- GIVEN DATA
==============================

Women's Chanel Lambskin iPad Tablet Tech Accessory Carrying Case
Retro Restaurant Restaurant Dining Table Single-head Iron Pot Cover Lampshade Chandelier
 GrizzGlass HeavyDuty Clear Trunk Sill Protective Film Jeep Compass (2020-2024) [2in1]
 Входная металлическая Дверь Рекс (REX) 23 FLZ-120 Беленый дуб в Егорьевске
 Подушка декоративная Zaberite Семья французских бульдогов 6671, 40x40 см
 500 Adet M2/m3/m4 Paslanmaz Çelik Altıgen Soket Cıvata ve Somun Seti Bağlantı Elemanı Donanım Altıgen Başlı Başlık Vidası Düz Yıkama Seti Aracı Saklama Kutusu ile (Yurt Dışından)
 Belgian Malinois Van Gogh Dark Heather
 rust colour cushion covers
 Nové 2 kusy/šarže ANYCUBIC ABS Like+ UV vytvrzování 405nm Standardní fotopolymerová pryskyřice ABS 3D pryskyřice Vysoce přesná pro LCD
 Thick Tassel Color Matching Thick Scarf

==============================

- WORK TASK
Set down each entry above again exactly as it reads.

- EXERCISE OUTPUT
Women's Chanel Lambskin iPad Tablet Tech Accessory Carrying Case
Retro Restaurant Restaurant Dining Table Single-head Iron Pot Cover Lampshade Chandelier
 GrizzGlass HeavyDuty Clear Trunk Sill Protective Film Jeep Compass (2020-2024) [2in1]
 Входная металлическая Дверь Рекс (REX) 23 FLZ-120 Беленый дуб в Егорьевске
 Подушка декоративная Zaberite Семья французских бульдогов 6671, 40x40 см
 500 Adet M2/m3/m4 Paslanmaz Çelik Altıgen Soket Cıvata ve Somun Seti Bağlantı Elemanı Donanım Altıgen Başlı Başlık Vidası Düz Yıkama Seti Aracı Saklama Kutusu ile (Yurt Dışından)
 Belgian Malinois Van Gogh Dark Heather
 rust colour cushion covers
 Nové 2 kusy/šarže ANYCUBIC ABS Like+ UV vytvrzování 405nm Standardní fotopolymerová pryskyřice ABS 3D pryskyřice Vysoce přesná pro LCD
 Thick Tassel Color Matching Thick Scarf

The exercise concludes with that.